Captioned web images:
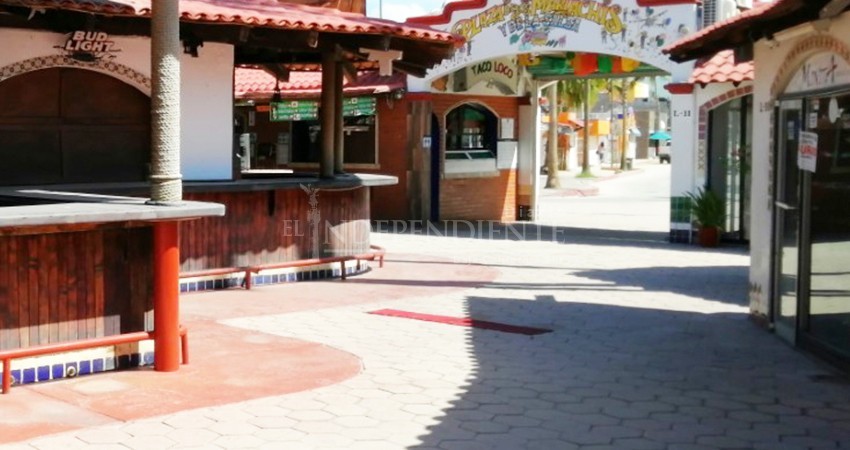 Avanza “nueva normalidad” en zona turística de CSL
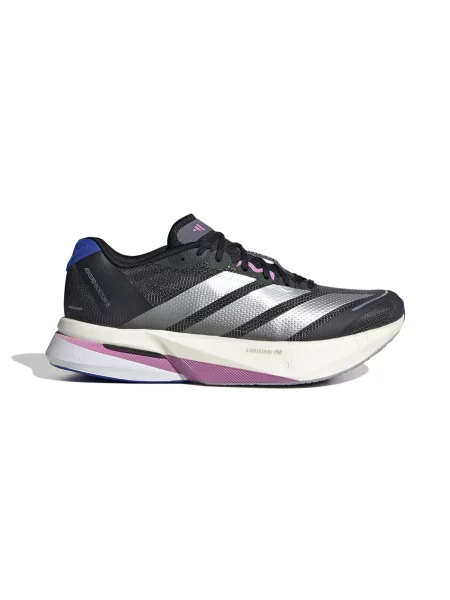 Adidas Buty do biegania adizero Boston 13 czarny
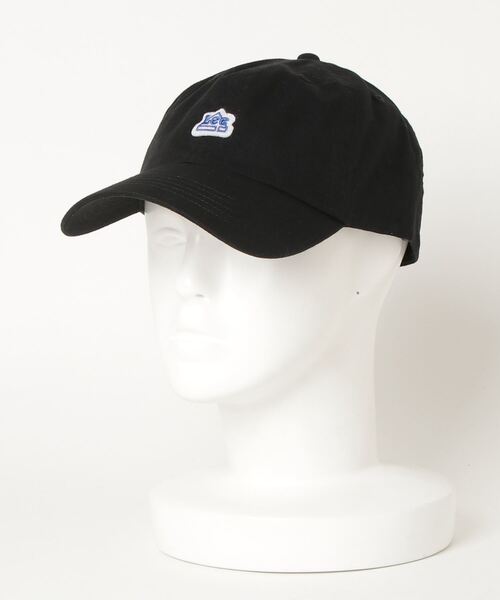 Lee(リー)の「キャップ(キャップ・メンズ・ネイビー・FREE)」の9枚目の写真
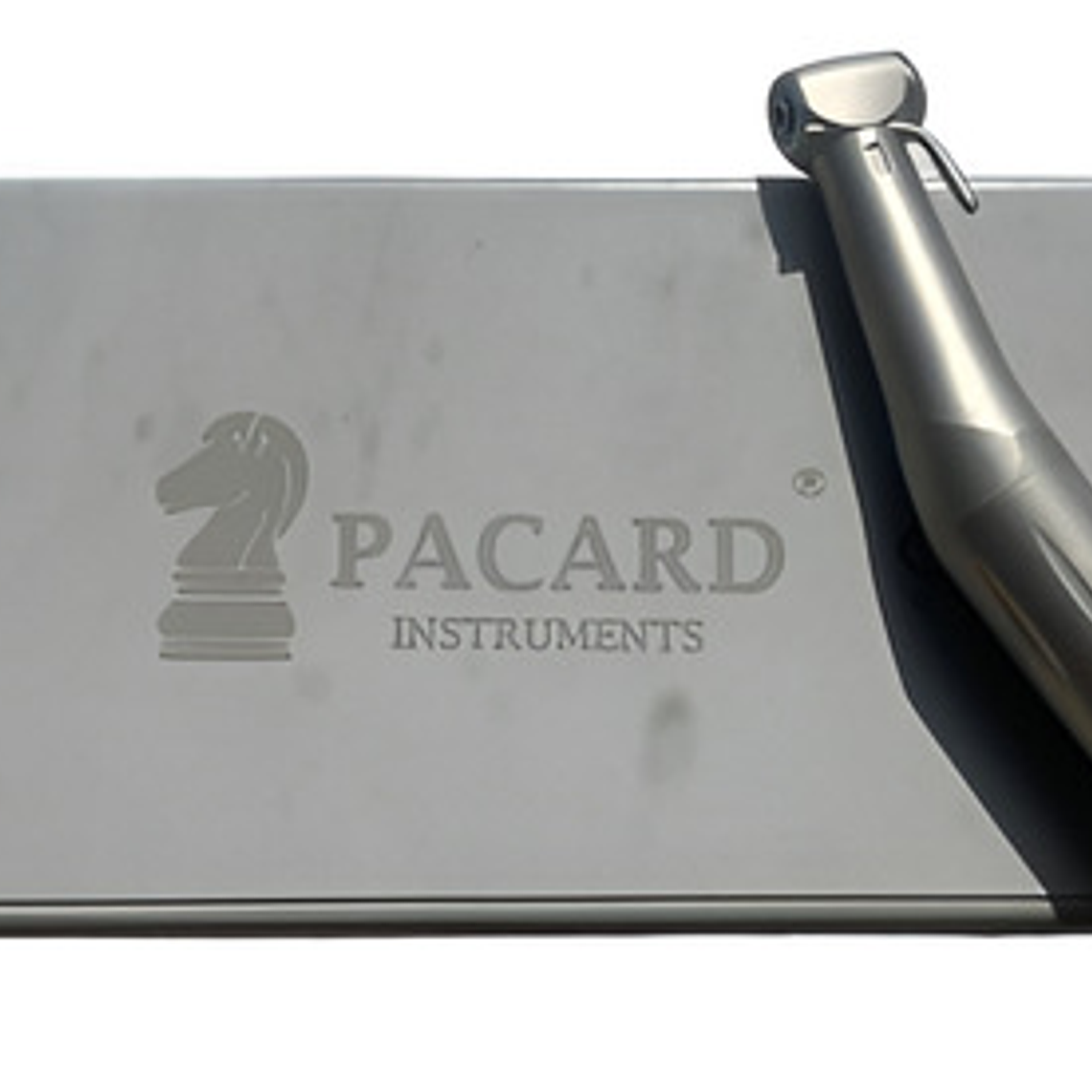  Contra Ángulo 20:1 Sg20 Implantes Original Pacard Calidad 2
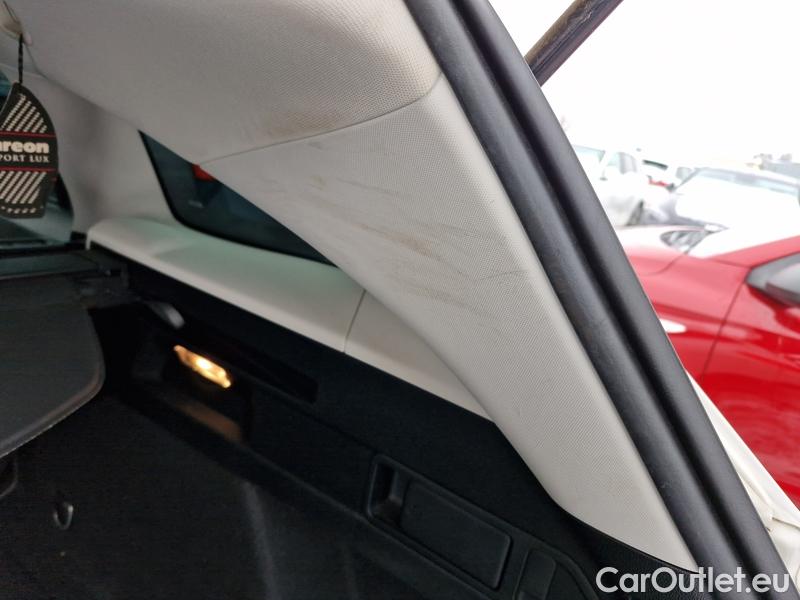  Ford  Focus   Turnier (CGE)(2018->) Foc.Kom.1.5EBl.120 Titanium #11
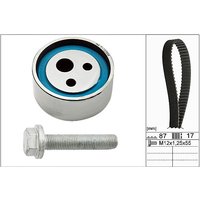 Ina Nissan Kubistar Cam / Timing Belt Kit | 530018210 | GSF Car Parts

Problem to solve = Beginning at the line that holds "Adidas Buty do" and ending with the last line of the entries, please set down each line exactly, leaving every picture out.

Final answer =
 Adidas Buty do biegania adizero Boston 13 czarny
 Lee(リー)の「キャップ(キャップ・メンズ・ネイビー・FREE)」の9枚目の写真
  Contra Ángulo 20:1 Sg20 Implantes Original Pacard Calidad 2
  Ford  Focus   Turnier (CGE)(2018->) Foc.Kom.1.5EBl.120 Titanium #11
 Ina Nissan Kubistar Cam / Timing Belt Kit | 530018210 | GSF Car Parts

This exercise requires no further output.